I've started moving my columns for Folkworks to here as it has been difficult for people to find the columns and Folkworks also doesn't make the sheet music downloadable. That, however, is the main reason why people contact me!
So here was the first one, originally from 2009, but published in Folkworks in May 2010.
Many people like the idea of playing in a session and have decent skills and know some tunes, but do not quite have the repertoire or skills to hang in with a typical pub session (i.e. reels at blistering speed). Our session is aimed at the more common intermediate player, but I also want to keep it interesting enough for stronger players. Learning new material is important and I have a strong preference myself for learning tunes that are likely to be played in sessions elsewhere.
Here is a pair of tunes that fit the description, one a lovely slip jig with the grim title The Night (Before) Poor Larry Was Stretched, the other the Clare Reel. While neither one was entirely obscure, they have become much more popular recently. The reason is undoubtedly that Martin Hayes and Dennis Cahill recorded them on their last CD Welcome Here Again. Martin Hayes is a very popular and influential fiddler and this was their first recording in almost 10 years (the last one was a 1999 live CD), so it got a lot of attention. In a departure from typical Irish recordings, Martin and Dennis did not put tunes into sets, but recorded them standing alone. The Clare Reel is track 1 The Night Poor Larry Was Stretched track 5. Poor Larry also exists as a ballad with several different lyrics and changes in the melody, but it takes a minimum of 8 verses before he is dead, regardless of the version.
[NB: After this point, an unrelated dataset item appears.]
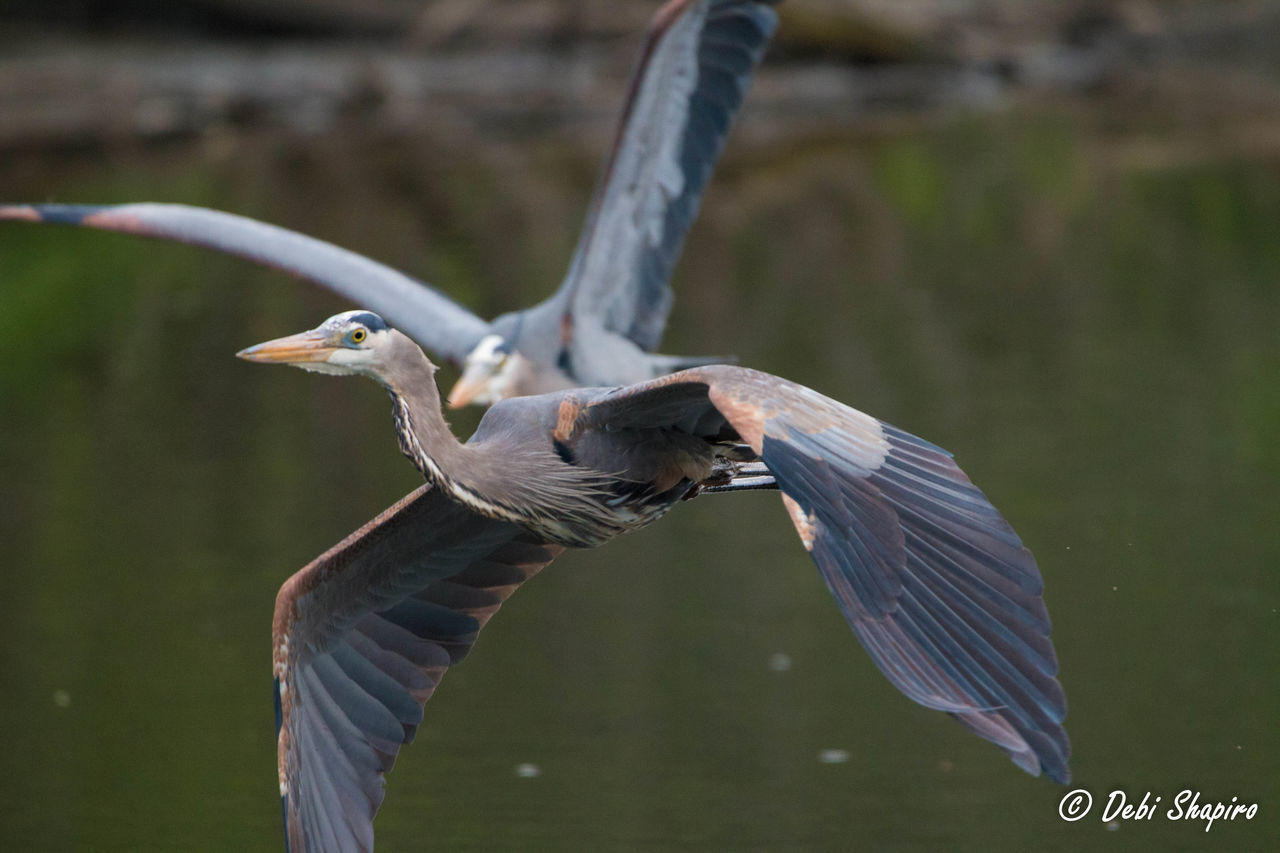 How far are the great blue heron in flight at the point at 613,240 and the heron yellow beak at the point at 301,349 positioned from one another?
3.10 meters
Martin Hayes epitomizes the fiddle music of County Clare for many people, but he certainly has his own idiosyncratic and very recognizable style. Personal styles dominate regional styles, although there are some recognizable regional characteristics. The Clare style could be characterized by a slower pace and a more wistful or even eerie feel. A contributing factor may be the use of flat keys, F, Gm, Bb, or even Eb. You will get that idea immediately if you listen to the short version of the Clare Reel (also the first track on their CD) available on Martin’s website at http://www.martinhayes.com/the_clare_reel.mp3
I just found a great video of one of the key players of the Clare Style, Paddy Canny, who then was well into his 80s in the video. Paddy Canny could be considered the musical grandfather of Martin Hayes because he taught Martin’s father, PJ Hayes, in the 1930s.
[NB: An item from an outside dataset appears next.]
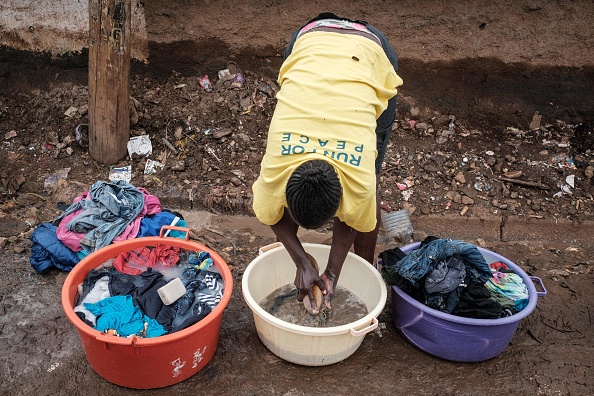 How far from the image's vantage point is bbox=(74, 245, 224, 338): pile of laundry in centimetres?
240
Paddy Canny plays two standard jigs, but note his fingering: Cliffs of Moher is played in sessions everywhere, but in the key of Am, whereas Paddy Canny plays it in Gm.
Now, if Paddy Canny plays in Gm, there is a good reason to learn some Irish tunes in Gm, which happens to be the key for The Night Poor Larry Was Stretched. I took a video of a great set of Martin and Dennis last year, and Poor Larry starts at 1.12
I learned both of those tunes from Martin shortly after he had recorded them (he also helped me glue my upright bass back together, but that is another story) and
I transcribed both tunes in the attached pdf to get you started. But remember that you can never really learn a tune from sheet music alone. It gives you the notes, but that is only part of playing music and often the easier one. Sheet music is very helpful while learning a tune, but you need to get away from the printed material quickly and get the feel from a recording, video, or experienced teacher. I wrote out chords as well, but the chords here are more standard than what Dennis would play, and written so they are easy when capoed at 3rd fret (again, the idea is that you can use that for a session): Clare Reel becomes then: D-Em-D-G-D-Em-D for the A part and Bm-G-F-Em-D in the B part Poor Larry becomes: Em-D-Em-D and G-D-G-C-D. However, that does not sound at all like Dennis Cahill. To sound more like him, try an Fsus throughout the A part of the Clare Reel and play the top 4 strings (finger them as F/Bb/C/F). Or for Poor Larry B-part, keep an F in the bass and chords change each bar: Bb/F - Eb/F - Bb/F - Eb/F. But when there are several chord instruments at a session, you need to agree on chords in advance or only one of you can play at a time.